* Information supplied

━━━

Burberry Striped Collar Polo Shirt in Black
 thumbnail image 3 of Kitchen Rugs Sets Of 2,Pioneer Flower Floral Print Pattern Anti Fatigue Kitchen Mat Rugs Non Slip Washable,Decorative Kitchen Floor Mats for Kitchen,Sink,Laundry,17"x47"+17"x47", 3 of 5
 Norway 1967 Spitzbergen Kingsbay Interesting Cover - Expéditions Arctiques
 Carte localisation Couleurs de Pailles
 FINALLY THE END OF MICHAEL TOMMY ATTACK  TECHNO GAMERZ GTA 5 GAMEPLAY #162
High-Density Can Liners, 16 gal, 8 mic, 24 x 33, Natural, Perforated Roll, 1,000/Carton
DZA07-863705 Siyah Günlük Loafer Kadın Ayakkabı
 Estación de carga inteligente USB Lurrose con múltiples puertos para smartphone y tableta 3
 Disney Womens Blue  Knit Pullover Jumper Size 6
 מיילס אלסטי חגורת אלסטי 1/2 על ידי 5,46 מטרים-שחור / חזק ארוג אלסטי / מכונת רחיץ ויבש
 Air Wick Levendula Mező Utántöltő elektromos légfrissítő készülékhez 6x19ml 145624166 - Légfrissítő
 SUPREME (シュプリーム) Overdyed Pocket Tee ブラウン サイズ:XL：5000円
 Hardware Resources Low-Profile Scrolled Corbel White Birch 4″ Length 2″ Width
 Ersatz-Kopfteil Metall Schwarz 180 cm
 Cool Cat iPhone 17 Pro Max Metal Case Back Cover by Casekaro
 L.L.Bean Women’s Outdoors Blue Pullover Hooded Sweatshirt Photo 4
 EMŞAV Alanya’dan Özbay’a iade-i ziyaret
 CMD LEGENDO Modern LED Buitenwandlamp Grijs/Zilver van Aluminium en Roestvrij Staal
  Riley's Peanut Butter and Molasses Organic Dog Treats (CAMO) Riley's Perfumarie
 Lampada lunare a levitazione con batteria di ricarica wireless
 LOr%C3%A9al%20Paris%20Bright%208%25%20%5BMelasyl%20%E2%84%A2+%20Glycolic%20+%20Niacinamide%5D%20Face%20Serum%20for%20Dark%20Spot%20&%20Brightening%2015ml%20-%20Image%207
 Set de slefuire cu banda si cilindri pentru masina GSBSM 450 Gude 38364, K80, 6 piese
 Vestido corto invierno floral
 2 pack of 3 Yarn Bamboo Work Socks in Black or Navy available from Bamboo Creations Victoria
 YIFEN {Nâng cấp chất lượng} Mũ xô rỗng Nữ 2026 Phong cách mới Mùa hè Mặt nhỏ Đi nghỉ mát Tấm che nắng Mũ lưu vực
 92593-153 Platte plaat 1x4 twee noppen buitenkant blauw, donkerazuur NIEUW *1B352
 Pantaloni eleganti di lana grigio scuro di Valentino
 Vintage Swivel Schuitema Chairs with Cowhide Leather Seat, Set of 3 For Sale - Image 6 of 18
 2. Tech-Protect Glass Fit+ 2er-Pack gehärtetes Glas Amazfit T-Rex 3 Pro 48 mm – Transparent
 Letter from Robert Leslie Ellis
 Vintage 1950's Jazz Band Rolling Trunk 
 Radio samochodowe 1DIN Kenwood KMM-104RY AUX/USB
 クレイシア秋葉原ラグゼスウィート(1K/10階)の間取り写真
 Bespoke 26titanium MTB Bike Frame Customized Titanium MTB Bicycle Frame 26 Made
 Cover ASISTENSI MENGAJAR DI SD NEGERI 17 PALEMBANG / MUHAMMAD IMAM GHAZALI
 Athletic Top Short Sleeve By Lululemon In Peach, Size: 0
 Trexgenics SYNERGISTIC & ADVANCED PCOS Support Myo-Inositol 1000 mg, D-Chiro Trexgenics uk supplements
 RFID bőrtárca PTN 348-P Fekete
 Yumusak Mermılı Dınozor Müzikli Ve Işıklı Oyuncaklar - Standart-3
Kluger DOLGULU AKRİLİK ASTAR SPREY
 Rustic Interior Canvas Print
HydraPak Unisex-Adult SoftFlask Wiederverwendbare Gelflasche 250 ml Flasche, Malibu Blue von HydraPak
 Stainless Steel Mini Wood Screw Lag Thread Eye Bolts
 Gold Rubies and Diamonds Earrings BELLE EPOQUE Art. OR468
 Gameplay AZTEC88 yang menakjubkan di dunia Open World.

━━━

* Your objective
Beginning with the line that contains "Set de slefuire", output each line of the listing above through the last one, exactly and with nothing added.

* Exercise response
 Set de slefuire cu banda si cilindri pentru masina GSBSM 450 Gude 38364, K80, 6 piese
 Vestido corto invierno floral
 2 pack of 3 Yarn Bamboo Work Socks in Black or Navy available from Bamboo Creations Victoria
 YIFEN {Nâng cấp chất lượng} Mũ xô rỗng Nữ 2026 Phong cách mới Mùa hè Mặt nhỏ Đi nghỉ mát Tấm che nắng Mũ lưu vực
 92593-153 Platte plaat 1x4 twee noppen buitenkant blauw, donkerazuur NIEUW *1B352
 Pantaloni eleganti di lana grigio scuro di Valentino
 Vintage Swivel Schuitema Chairs with Cowhide Leather Seat, Set of 3 For Sale - Image 6 of 18
 2. Tech-Protect Glass Fit+ 2er-Pack gehärtetes Glas Amazfit T-Rex 3 Pro 48 mm – Transparent
 Letter from Robert Leslie Ellis
 Vintage 1950's Jazz Band Rolling Trunk 
 Radio samochodowe 1DIN Kenwood KMM-104RY AUX/USB
 クレイシア秋葉原ラグゼスウィート(1K/10階)の間取り写真
 Bespoke 26titanium MTB Bike Frame Customized Titanium MTB Bicycle Frame 26 Made
 Cover ASISTENSI MENGAJAR DI SD NEGERI 17 PALEMBANG / MUHAMMAD IMAM GHAZALI
 Athletic Top Short Sleeve By Lululemon In Peach, Size: 0
 Trexgenics SYNERGISTIC & ADVANCED PCOS Support Myo-Inositol 1000 mg, D-Chiro Trexgenics uk supplements
 RFID bőrtárca PTN 348-P Fekete
 Yumusak Mermılı Dınozor Müzikli Ve Işıklı Oyuncaklar - Standart-3
Kluger DOLGULU AKRİLİK ASTAR SPREY
 Rustic Interior Canvas Print
HydraPak Unisex-Adult SoftFlask Wiederverwendbare Gelflasche 250 ml Flasche, Malibu Blue von HydraPak
 Stainless Steel Mini Wood Screw Lag Thread Eye Bolts
 Gold Rubies and Diamonds Earrings BELLE EPOQUE Art. OR468
 Gameplay AZTEC88 yang menakjubkan di dunia Open World.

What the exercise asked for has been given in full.